■ Given data:

-----

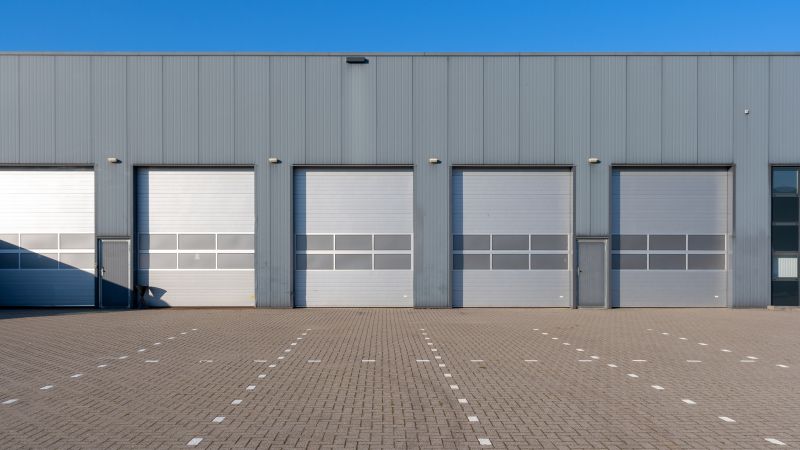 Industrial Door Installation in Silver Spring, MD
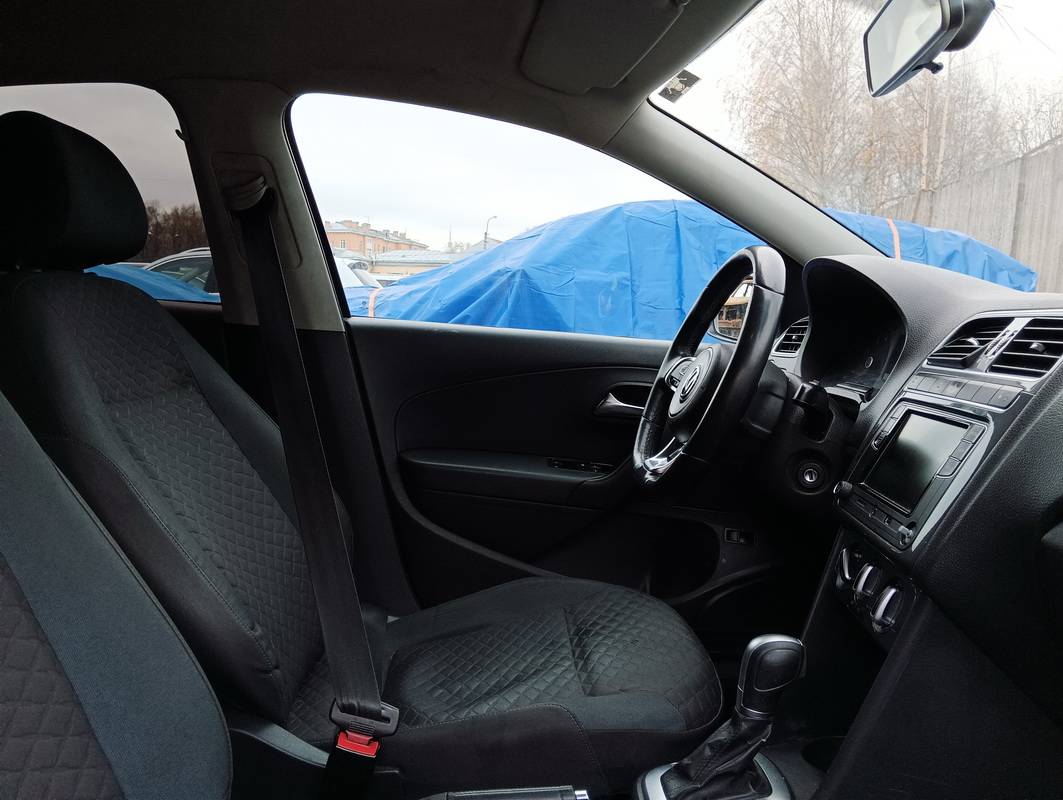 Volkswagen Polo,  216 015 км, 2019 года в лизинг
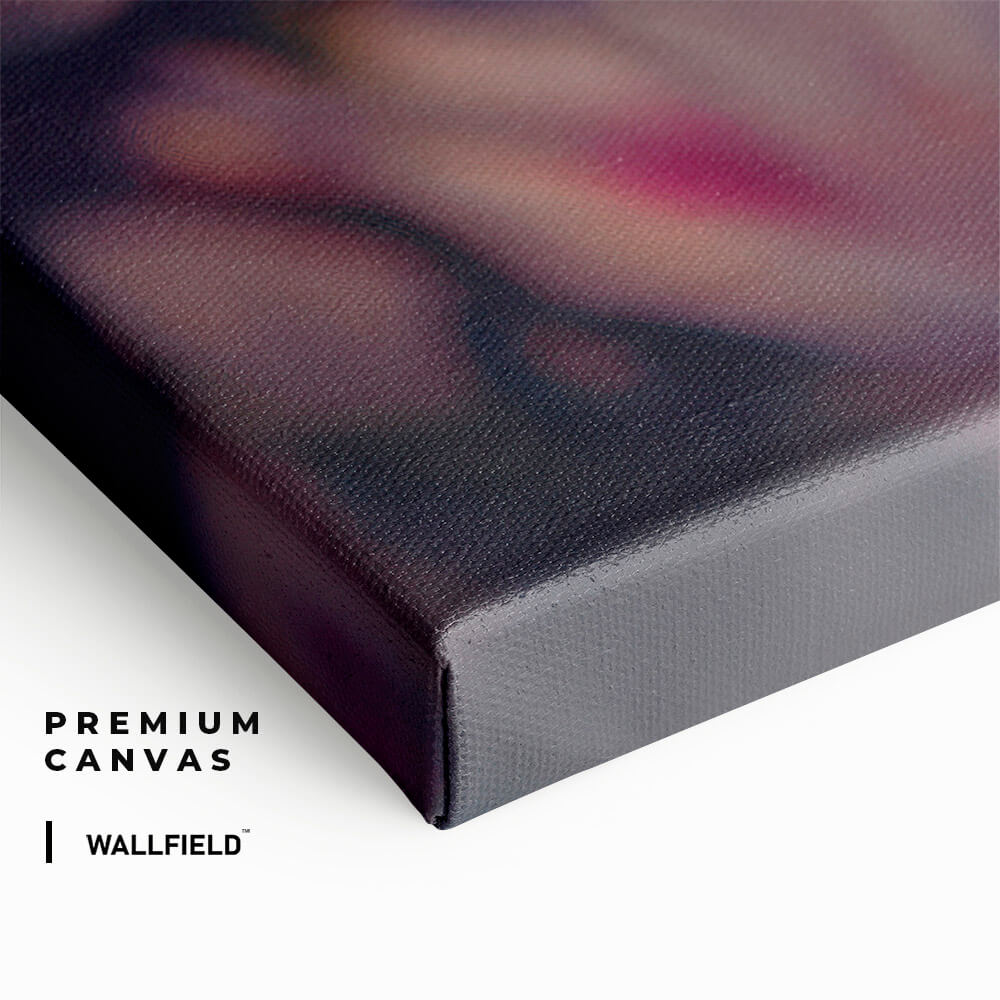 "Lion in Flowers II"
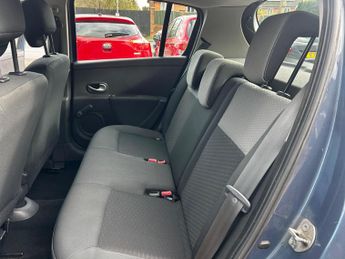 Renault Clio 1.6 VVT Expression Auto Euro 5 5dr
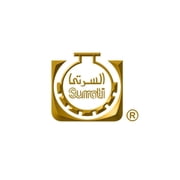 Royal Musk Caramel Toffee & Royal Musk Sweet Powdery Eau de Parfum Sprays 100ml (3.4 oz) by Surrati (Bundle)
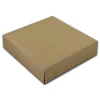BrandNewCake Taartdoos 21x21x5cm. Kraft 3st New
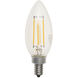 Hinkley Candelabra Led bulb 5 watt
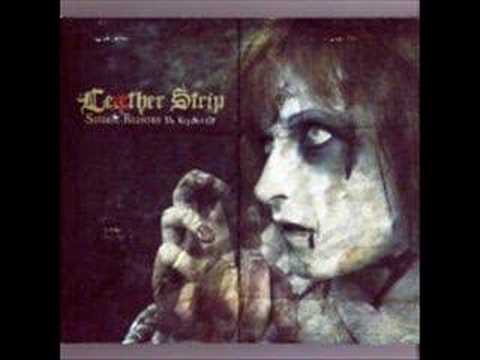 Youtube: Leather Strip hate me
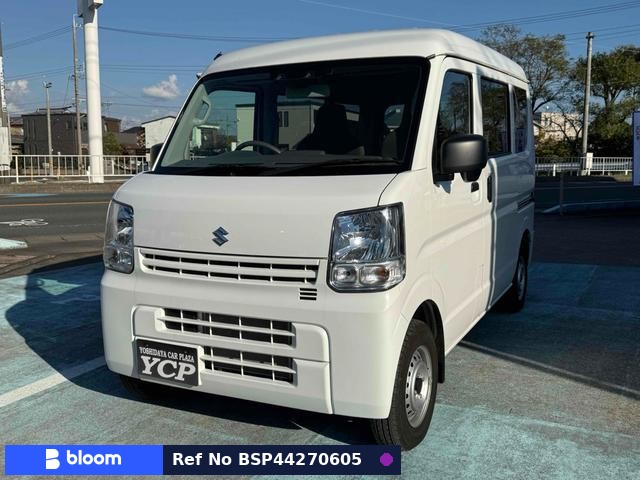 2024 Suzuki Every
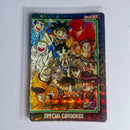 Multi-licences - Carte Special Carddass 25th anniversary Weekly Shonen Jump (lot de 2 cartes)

-----

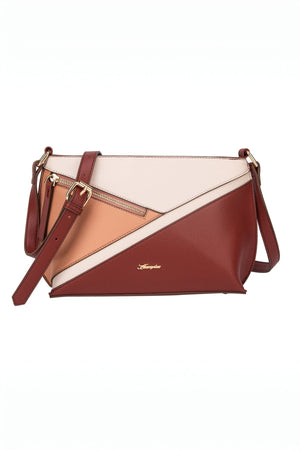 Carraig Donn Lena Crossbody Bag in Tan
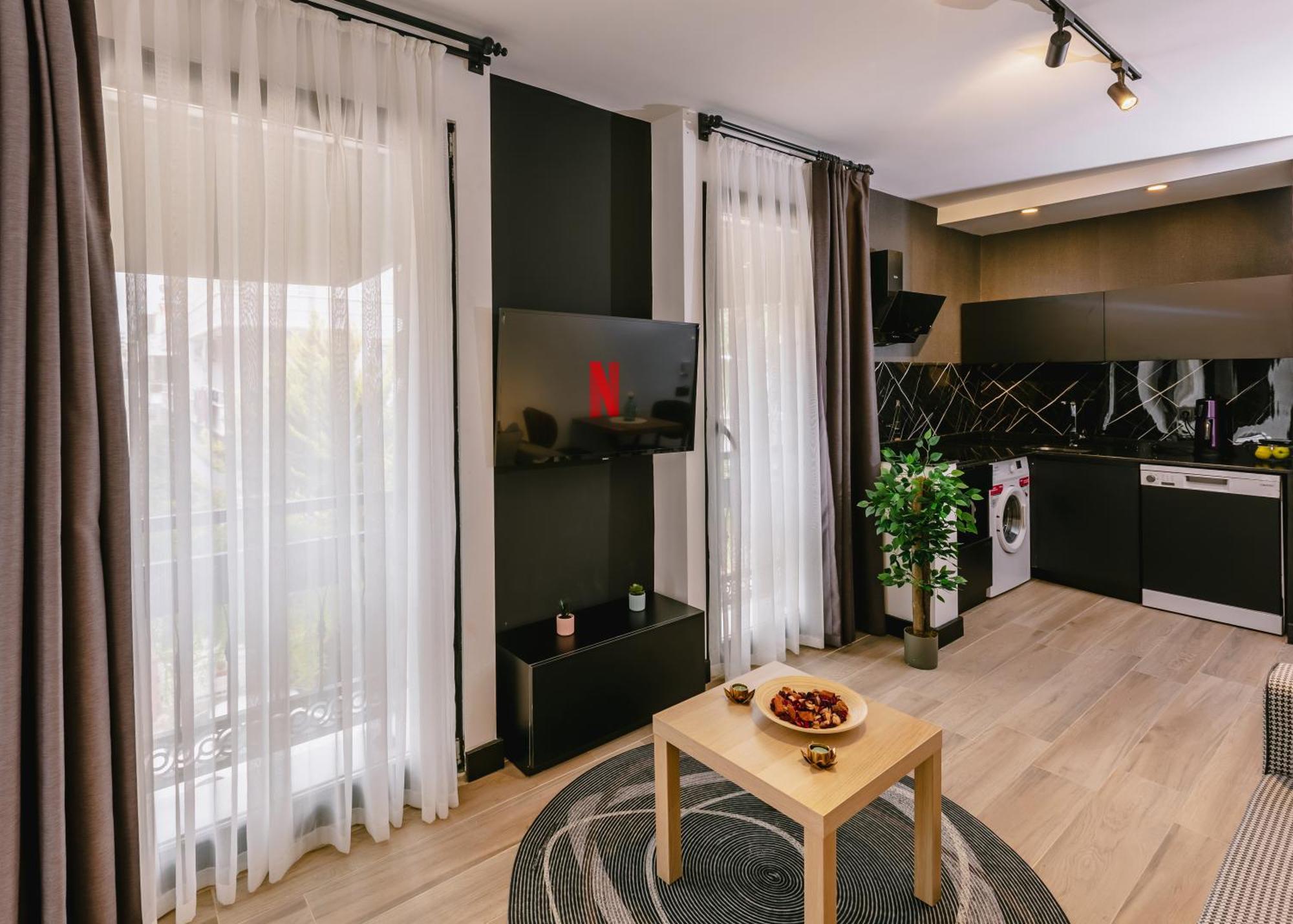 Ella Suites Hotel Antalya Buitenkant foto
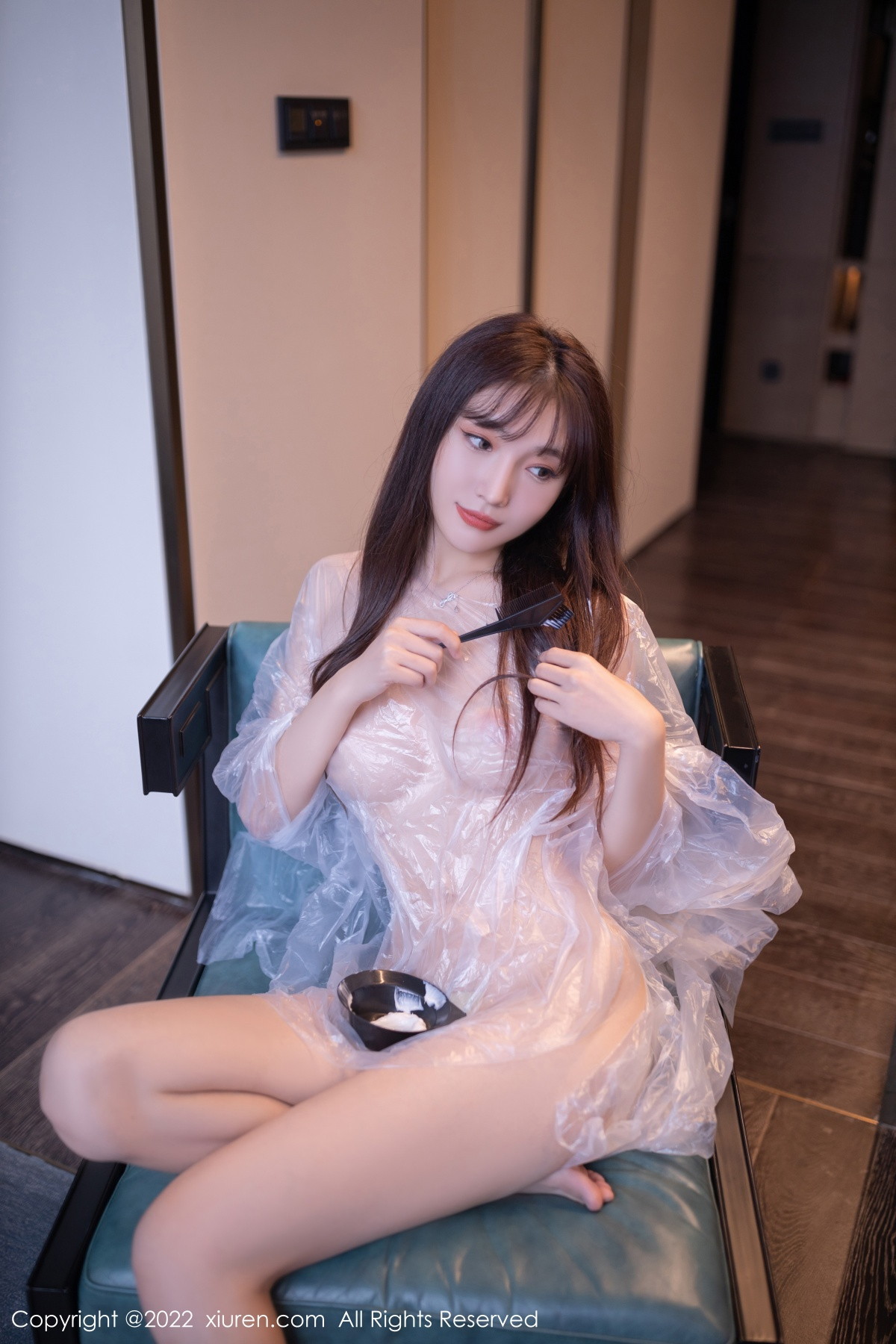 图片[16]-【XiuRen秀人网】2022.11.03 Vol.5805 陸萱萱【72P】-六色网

-----

Within the listing above, the stretch from the line with "Renault Clio 1.6" down to the line with "Multi-licences - Carte" is to be given again exactly, end lines included and pictures excluded.

 Renault Clio 1.6 VVT Expression Auto Euro 5 5dr
 Royal Musk Caramel Toffee & Royal Musk Sweet Powdery Eau de Parfum Sprays 100ml (3.4 oz) by Surrati (Bundle)
BrandNewCake Taartdoos 21x21x5cm. Kraft 3st New
 Hinkley Candelabra Led bulb 5 watt
 Youtube: Leather Strip hate me
 2024 Suzuki Every
 Multi-licences - Carte Special Carddass 25th anniversary Weekly Shonen Jump (lot de 2 cartes)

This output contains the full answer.